Data provided:
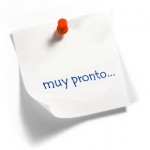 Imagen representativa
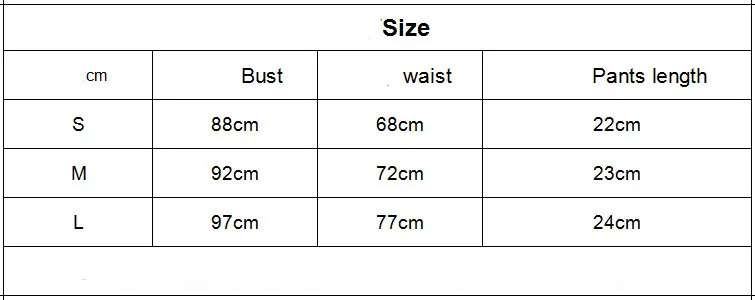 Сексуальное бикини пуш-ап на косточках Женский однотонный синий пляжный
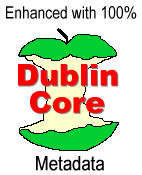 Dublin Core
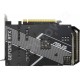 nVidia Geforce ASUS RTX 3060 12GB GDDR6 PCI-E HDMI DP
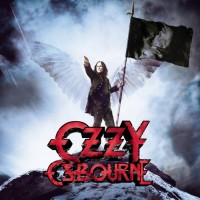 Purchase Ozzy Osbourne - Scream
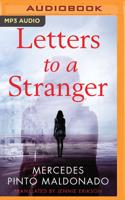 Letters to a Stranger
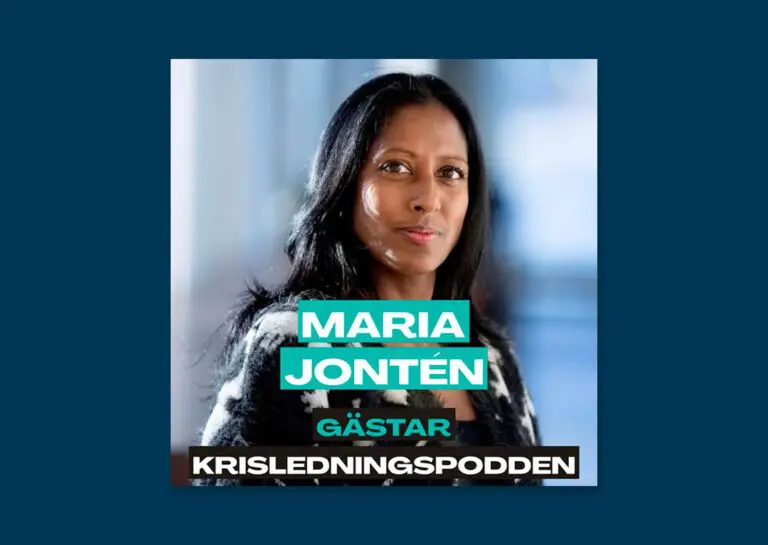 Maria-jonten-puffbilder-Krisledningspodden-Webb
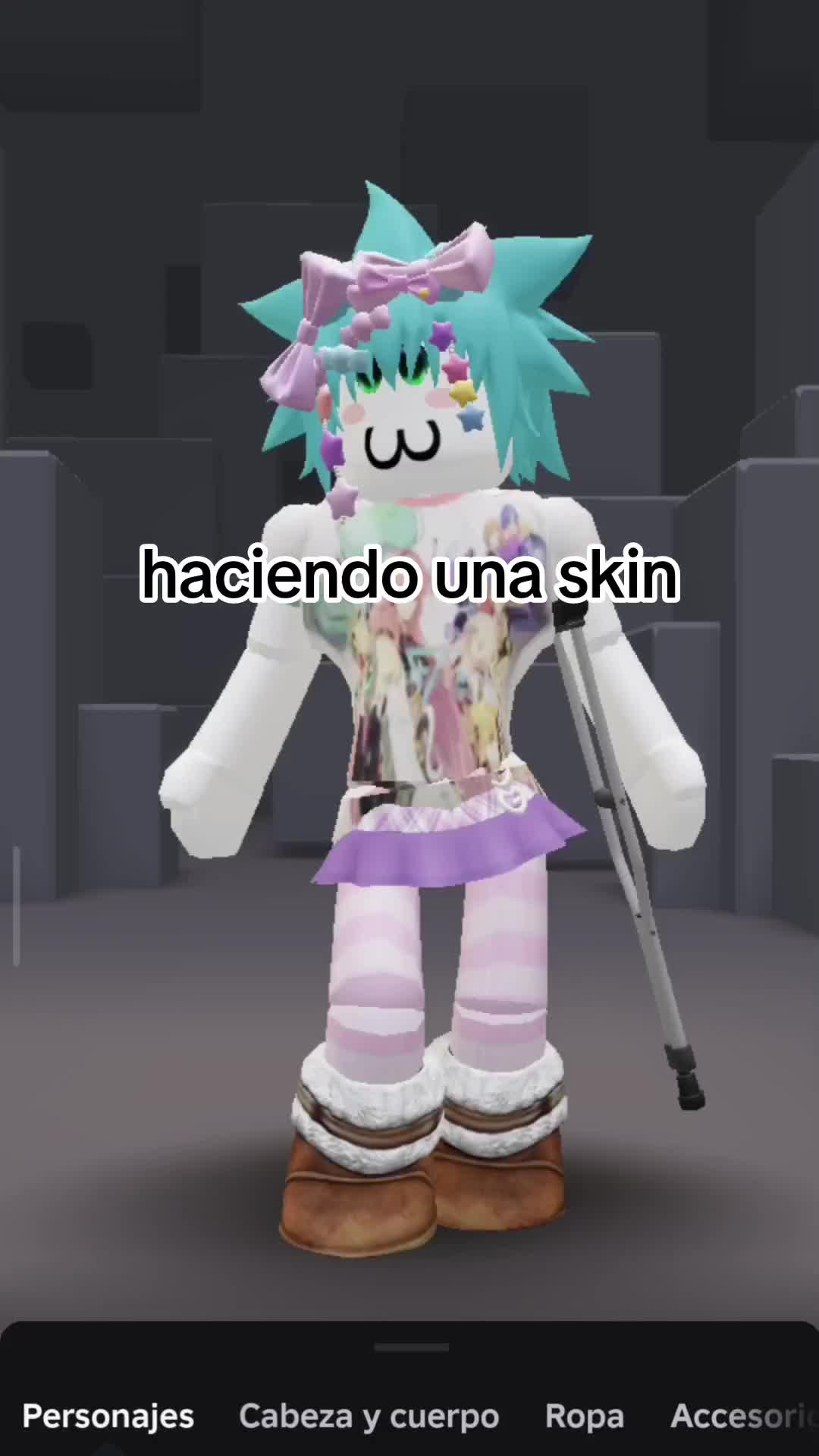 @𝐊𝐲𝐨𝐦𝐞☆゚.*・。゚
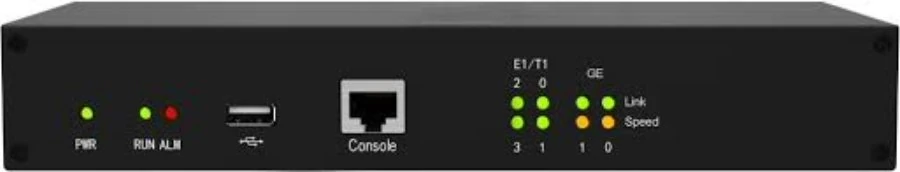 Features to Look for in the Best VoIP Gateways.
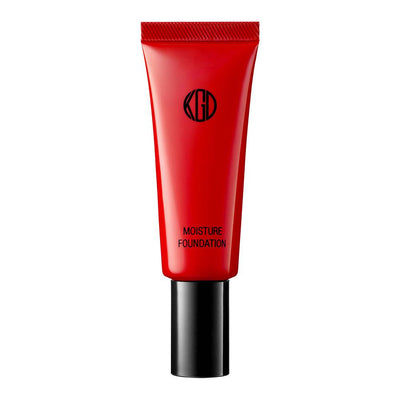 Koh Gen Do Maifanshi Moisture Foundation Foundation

Your objective:
When an image appears in the data, skip it and output the rest exactly.

Answer section:
 Imagen representativa
 Сексуальное бикини пуш-ап на косточках Женский однотонный синий пляжный
 Dublin Core
 nVidia Geforce ASUS RTX 3060 12GB GDDR6 PCI-E HDMI DP
 Purchase Ozzy Osbourne - Scream
 Letters to a Stranger
 Maria-jonten-puffbilder-Krisledningspodden-Webb
 @𝐊𝐲𝐨𝐦𝐞☆゚.*・。゚
 Features to Look for in the Best VoIP Gateways.
 Koh Gen Do Maifanshi Moisture Foundation Foundation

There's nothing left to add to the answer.